Exercise instructions:
When the line containing "Calvin Klein Black" is reached, include it and end there; set down verbatim every line before it, starting at the top of the records.

#####

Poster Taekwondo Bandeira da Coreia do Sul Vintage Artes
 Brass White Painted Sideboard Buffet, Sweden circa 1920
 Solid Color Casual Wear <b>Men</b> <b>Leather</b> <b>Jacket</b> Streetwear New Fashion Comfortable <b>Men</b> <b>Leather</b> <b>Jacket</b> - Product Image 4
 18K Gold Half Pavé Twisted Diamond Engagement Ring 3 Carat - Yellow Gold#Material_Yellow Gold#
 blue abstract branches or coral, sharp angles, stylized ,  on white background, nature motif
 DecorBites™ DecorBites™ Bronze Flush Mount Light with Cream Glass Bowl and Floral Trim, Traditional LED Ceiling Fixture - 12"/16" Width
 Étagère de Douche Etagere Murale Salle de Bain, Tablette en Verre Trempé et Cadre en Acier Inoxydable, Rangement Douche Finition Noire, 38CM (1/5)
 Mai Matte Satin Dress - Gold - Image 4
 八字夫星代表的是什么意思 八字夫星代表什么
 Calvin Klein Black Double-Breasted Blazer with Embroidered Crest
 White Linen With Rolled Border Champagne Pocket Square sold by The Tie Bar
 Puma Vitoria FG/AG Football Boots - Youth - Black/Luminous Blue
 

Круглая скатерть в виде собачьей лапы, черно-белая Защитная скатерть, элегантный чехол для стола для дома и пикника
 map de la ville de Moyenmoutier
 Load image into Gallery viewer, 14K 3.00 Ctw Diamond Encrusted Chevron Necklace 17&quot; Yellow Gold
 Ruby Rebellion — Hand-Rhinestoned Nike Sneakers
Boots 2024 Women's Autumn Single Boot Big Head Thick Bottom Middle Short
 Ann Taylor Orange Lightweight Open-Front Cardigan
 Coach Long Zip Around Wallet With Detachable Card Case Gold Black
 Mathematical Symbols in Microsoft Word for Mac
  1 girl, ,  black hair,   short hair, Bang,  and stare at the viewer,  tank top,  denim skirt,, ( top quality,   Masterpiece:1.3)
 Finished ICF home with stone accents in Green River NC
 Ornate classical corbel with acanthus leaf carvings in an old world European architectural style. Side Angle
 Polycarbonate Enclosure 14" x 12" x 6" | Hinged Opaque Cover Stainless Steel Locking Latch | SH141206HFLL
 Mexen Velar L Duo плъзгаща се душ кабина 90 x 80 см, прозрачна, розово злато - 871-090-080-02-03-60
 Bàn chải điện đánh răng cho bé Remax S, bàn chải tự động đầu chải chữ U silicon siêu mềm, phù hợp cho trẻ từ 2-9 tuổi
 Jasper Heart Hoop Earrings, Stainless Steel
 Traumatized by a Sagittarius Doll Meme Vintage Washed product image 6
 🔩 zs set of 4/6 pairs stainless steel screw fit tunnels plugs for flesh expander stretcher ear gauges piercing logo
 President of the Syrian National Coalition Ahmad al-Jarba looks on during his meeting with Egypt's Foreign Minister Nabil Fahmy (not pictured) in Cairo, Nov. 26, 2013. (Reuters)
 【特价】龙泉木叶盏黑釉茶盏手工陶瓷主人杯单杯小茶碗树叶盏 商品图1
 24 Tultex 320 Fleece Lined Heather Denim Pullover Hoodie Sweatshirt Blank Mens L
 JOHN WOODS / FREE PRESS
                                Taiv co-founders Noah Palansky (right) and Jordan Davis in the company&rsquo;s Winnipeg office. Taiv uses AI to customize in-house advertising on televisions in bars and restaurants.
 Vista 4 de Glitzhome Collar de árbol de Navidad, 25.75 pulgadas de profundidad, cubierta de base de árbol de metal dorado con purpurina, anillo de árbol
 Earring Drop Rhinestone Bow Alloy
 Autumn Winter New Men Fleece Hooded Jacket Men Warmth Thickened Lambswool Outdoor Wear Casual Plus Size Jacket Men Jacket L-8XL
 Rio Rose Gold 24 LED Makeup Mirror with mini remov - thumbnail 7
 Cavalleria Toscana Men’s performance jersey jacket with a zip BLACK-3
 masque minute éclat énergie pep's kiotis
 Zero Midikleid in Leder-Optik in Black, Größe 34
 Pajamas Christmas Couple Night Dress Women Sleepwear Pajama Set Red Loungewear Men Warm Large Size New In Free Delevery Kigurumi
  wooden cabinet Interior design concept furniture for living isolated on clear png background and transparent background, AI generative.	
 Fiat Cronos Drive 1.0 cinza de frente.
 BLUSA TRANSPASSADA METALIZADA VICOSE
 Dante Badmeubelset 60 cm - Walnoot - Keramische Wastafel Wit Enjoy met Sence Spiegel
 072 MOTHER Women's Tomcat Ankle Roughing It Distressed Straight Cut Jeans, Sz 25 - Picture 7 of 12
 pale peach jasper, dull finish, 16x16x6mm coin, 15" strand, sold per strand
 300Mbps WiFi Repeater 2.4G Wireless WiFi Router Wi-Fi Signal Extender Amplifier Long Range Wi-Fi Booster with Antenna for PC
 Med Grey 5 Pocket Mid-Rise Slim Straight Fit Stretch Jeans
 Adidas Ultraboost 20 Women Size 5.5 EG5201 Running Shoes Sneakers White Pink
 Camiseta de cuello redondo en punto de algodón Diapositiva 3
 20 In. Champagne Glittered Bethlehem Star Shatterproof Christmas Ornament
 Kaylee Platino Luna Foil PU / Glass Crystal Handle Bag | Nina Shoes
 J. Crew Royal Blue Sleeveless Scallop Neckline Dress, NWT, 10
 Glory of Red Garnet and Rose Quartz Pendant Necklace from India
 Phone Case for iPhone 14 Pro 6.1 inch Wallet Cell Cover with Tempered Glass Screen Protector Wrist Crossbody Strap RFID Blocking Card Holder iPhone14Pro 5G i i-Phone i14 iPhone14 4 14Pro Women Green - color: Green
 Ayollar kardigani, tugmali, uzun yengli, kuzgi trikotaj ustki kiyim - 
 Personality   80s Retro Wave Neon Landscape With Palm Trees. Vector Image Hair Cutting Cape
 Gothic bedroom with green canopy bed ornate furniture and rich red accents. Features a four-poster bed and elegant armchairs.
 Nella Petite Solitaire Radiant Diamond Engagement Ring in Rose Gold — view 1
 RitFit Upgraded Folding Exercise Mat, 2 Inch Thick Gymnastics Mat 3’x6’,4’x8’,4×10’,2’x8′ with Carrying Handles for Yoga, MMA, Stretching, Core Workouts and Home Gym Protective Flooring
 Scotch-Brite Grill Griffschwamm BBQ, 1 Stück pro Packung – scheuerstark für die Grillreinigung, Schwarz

#####

Exercise response:
Poster Taekwondo Bandeira da Coreia do Sul Vintage Artes
 Brass White Painted Sideboard Buffet, Sweden circa 1920
 Solid Color Casual Wear <b>Men</b> <b>Leather</b> <b>Jacket</b> Streetwear New Fashion Comfortable <b>Men</b> <b>Leather</b> <b>Jacket</b> - Product Image 4
 18K Gold Half Pavé Twisted Diamond Engagement Ring 3 Carat - Yellow Gold#Material_Yellow Gold#
 blue abstract branches or coral, sharp angles, stylized ,  on white background, nature motif
 DecorBites™ DecorBites™ Bronze Flush Mount Light with Cream Glass Bowl and Floral Trim, Traditional LED Ceiling Fixture - 12"/16" Width
 Étagère de Douche Etagere Murale Salle de Bain, Tablette en Verre Trempé et Cadre en Acier Inoxydable, Rangement Douche Finition Noire, 38CM (1/5)
 Mai Matte Satin Dress - Gold - Image 4
 八字夫星代表的是什么意思 八字夫星代表什么
 Calvin Klein Black Double-Breasted Blazer with Embroidered Crest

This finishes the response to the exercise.